Isaku Yamahata March 8, 2023, 1:11 a.m. UTC | #1
On Tue, Mar 07, 2023 at 03:13:45AM +1300,
Kai Huang <kai.huang@intel.com> wrote:

> Intel Trusted Domain Extensions (TDX) protects guest VMs from malicious
> host and certain physical attacks.  TDX specs are available in [1].
> 
> This series is the initial support to enable TDX with minimal code to
> allow KVM to create and run TDX guests.  KVM support for TDX is being
> developed separately[2].  A new "userspace inaccessible memfd" approach
> to support TDX private memory is also being developed[3].  The KVM will
> only support the new "userspace inaccessible memfd" as TDX guest memory.
> 
> This series doesn't aim to support all functionalities, and doesn't aim
> to resolve all things perfectly.  For example, memory hotplug is handled
> in simple way (please refer to "Kernel policy on TDX memory" and "Memory
> hotplug" sections below).
> 
> (For memory hotplug, sorry for broadcasting widely but I cc'ed the
> linux-mm@kvack.org following Kirill's suggestion so MM experts can also
> help to provide comments.)
> 
> And TDX module metadata allocation just uses alloc_contig_pages() to
> allocate large chunk at runtime, thus it can fail.  It is imperfect now
> but _will_ be improved in the future.
> 
> Also, the patch to add the new kernel comline tdx="force" isn't included
> in this initial version, as Dave suggested it isn't mandatory.  But I
> _will_ add one once this initial version gets merged.
> 
> All other optimizations will be posted as follow-up once this initial
> TDX support is upstreamed.
> 
> Hi Dave, Peter, Thomas, Dan (and Intel reviewers),
> 
> The environment to test the new LP.INIT SEAMCALL behaviour hasn't been
> done yet, thus I haven't tested the new behaviour.  Instead, I tested
> with all cpus are online when initializing the TDX module.  CPU hotplug
> path isn't really tested although I did some basic test that I can
> offline some cpus after module initialization, online them again and the
> LP.INIT was skipped successfully for them.
> 
> However I believe there should be no issue when the new module is ready.
> I will test and report back when the new module is ready.
> 
> I would appreciate if folks could review this presumptive series anyway.
>    
> And I would appreciate reviewed-by or acked-by tags if the patches look
> good to you.
> 
> ----- Changelog history: ------
> 
> - v9 -> v10:
> 
>  - Changed the per-cpu initalization handling
>    - Gave up "ensuring all online cpus are TDX-runnable when TDX module
>      is initialized", but just provide two basic functions, tdx_enable()
>      and tdx_cpu_enable(), to let the user of TDX to make sure the
>      tdx_cpu_enable() has been done successfully when the user wants to
>      use particular cpu for TDX.
>    - Thus, moved per-cpu initialization out of tdx_enable().  Now
>      tdx_enable() just assumes VMXON and tdx_cpu_enable() has been done
>      on all online cpus before calling it.
>    - Merged the tdx_enable() skeleton patch and per-cpu initialization
>      patch together to tell better story.
>    - Moved "SEAMCALL infrastructure" patch before the tdx_enable() patch.
> 
>  v9: https://lore.kernel.org/lkml/cover.1676286526.git.kai.huang@intel.com/
> 
> - v8 -> v9:
> 
>  - Added patches to handle TDH.SYS.INIT and TDH.SYS.LP.INIT back.
>  - Other changes please refer to changelog histroy in individual patches.

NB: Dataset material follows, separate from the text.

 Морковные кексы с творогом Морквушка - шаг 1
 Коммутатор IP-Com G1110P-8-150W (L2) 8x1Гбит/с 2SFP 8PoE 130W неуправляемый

I've rebased my TDX KVM patches to this patch series and updated initialization.
With all LPs online with the existing TDX module and I did cpu online/offline
while TD running.

Test-by: Isaku Yamahata <isaku.yamahata@intel.com>
David Hildenbrand March 16, 2023, 12:35 p.m. UTC | #2
On 06.03.23 15:13, Kai Huang wrote:
> Intel Trusted Domain Extensions (TDX) protects guest VMs from malicious
> host and certain physical attacks.  TDX specs are available in [1].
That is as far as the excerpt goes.